Il y a des saints dont il faut se méfier !
Il y a de cela exactement 50 ans. J’allais sur mes vingt ans. C’était environ deux ans avant le concile Vatican II.
Je travaillais comme auxiliaire au Central Téléphonique de Marseille et je venais de réussir le concours des Postes.
Un soir, en sortant du travail, une collègue me dit : « Viens avec moi, je veux passer à l’église Saint-Cannat ». Celle-ci se trouvait juste à côté de notre lieu de travail.
Comme je ne suis pas pressée, je la suis. Nous entrons dans l’église et ma collègue se dirige tout droit vers la statue de Saint-Expédit, un saint que je ne connaissais pas du tout. Là, elle allume un cierge et commence une courte prière. Un peu pour lui démontrer que moi aussi je suis croyante, j’allume, à mon tour, un cierge et nous sortons.
Le lendemain, je reçois ma nomination pour Paris.
Alors, j’attrape la collègue en question et je lui dis : « Ton Saint-Expédit vient de m’expédier à Paris ». Et je me dis : « On ne m’y reprendra plus de mettre des cierges à des saints dont j’ignore la fonction et de plus quand la fonction est si importante ! »

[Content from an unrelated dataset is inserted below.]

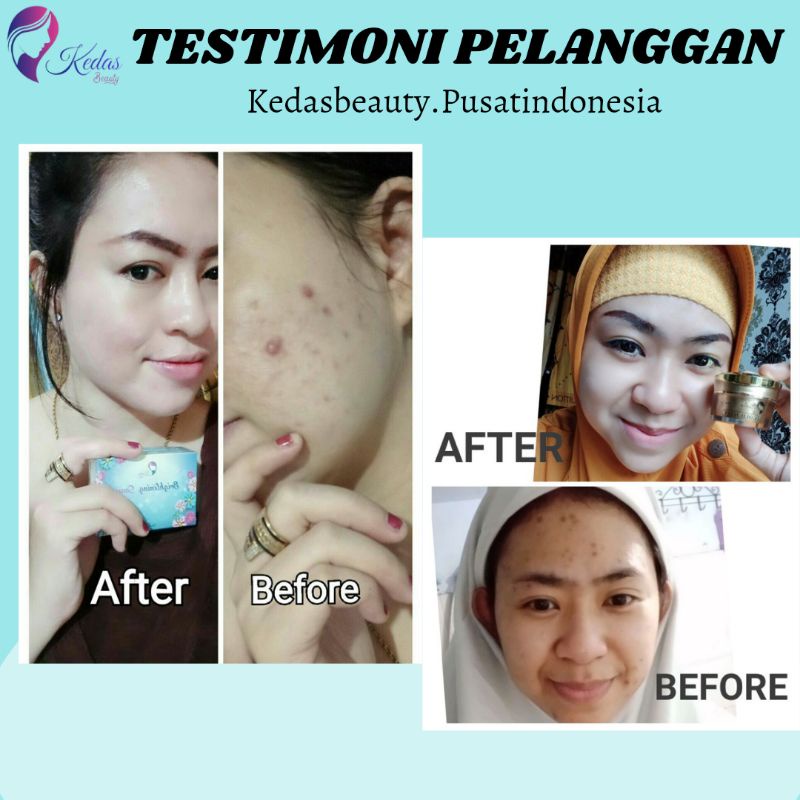 Sabun Kedas Beauty Original BPOM Sepaket Gold Jelly Kedas Beauty Pemutih Wajah Murah Cod-3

Depuis, quand je raconte mon histoire, je provoque l’hilarité générale et je signale, à toutes fins utiles, qu’il y a des saints dont il faut se méfier.
Mais, tout compte fait cette « expédition non vraiment désirée » m’a permis de connaître la capitale, de découvrir et de m’intéresser aux arts : à la peinture, au théâtre, aux meilleurs récitals de la chanson française de l’époque du début des années 60, bref à tout ce qui fait notre culture et dont je ne pouvais pas jusque-là m’offrir l’accès.
Alors, les saints ne nous réservent pas que des mauvaises surprises même ceux que nous ne connaissons pas et auxquels nous faisons une bonne manière.